A valorização da moeda chinesa acontece enquanto bancos internacionais começam a rever para cima suas projeções para o câmbio e estrategistas enxergam uma oportunidade rara de avanço da China na disputa cambial.
Em relatório enviado a clientes, o Deutsche Bank elevou sua projeção para o yuan no fim de 2026 de 6,70 para 6,55 por dólar.
Caso o cenário se confirme, este será um dos anos mais fortes do yuan nas últimas duas décadas, que ganhou espaço depois que o Banco Popular da China (PBOC, em inglês) fixou uma nova taxa de referência para a moeda.
Essa taxa diária foi definida em 6,8401 por dólar, o nível mais forte desde março de 2023, segundo dados consultados pela Reuters.
Todavia, o índice Shanghai Composite caiu 1,52%, na pior sessão em quase dois meses, enquanto o CSI300 recuou 1,68%. Para gestores, a queda teve mais relação com a realização de ganhos do que com a cúpula em si.
Cúpula Trump-Xi ajuda yuan
O presidente dos Estados Unidos, Donald Trump, e o presidente da China, Xi Jinping, tiveram uma reunião em Pequim hoje, mas investidores ainda evitam apostar em uma reaproximação profunda.
O temor de novas escaladas tarifárias, porém, diminuiu nas últimas semanas.
Xi Jinping afirmou que os dois países concordaram em construir uma relação "construtiva e estrategicamente estável" para os próximos anos, de acordo com a emissora estatal chinesa CCTV.
Para o economista-chefe para China da Macquarie, Larry Hu, Pequim parece mais preocupada em transmitir estabilidade do que em anunciar medidas concretas.
"O foco da cúpula em Pequim não está em resultados concretos, mas na imagem, visando projetar estabilidade e previsibilidade tanto para o público internacional quanto para o doméstico", disse à Reuters.
Internacionalização do yuan
O chefe global de estratégia de mercados da Brown Brothers Harriman (BBH), Elias Haddad, argumentou que o uso internacional do yuan ainda é pequeno em relação ao peso da China no Produto Interno Bruto (PIB) e no comércio globais, o que deixaria espaço para expansão.
A BBH mantém visão otimista para a moeda no longo prazo, citando tanto o potencial de internacionalização quanto o processo de reequilíbrio interno da economia chinesa.
A valorização cambial também vem sendo sustentada por fundamentos domésticos mais sólidos. As exportações chinesas seguem resilientes, enquanto o superávit comercial continua elevado.

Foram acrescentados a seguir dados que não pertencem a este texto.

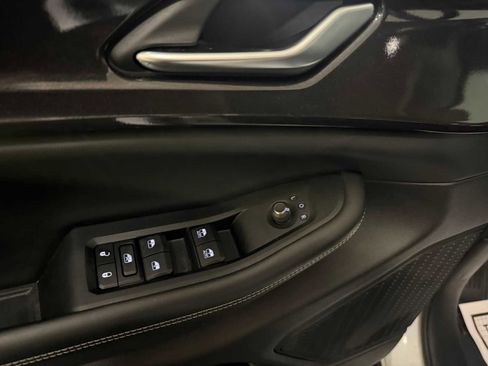 Certified 2023 Jeep Grand Cherokee Laredo w/ Luxury Tech Group I image 21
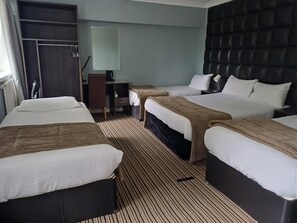 Suite, Ensuite (5 Persons) | Desk, free WiFi, bed sheets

Guerra cambial e linhas de swap
O domínio internacional do dólar continua sendo um dos principais ativos estratégicos dos EUA, especialmente por meio das linhas de swap mantidas pelo Federal Reserve (Fed) com países aliados.

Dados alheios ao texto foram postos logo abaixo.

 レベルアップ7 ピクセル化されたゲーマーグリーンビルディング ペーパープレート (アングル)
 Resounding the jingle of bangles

Atualmente, as linhas estão concentradas em economias próximas aos EUA, como a Zona do Euro, o Japão, o Reino Unido, o Canadá e a Suíça, conforme Daniel Moss, da Bloomberg.
A China, porém, vem ampliando sua própria rede de liquidez em yuan. Dados divulgados pelo PBOC mostraram que o uso das linhas de swap em moeda chinesa atingiu o maior volume em dois anos.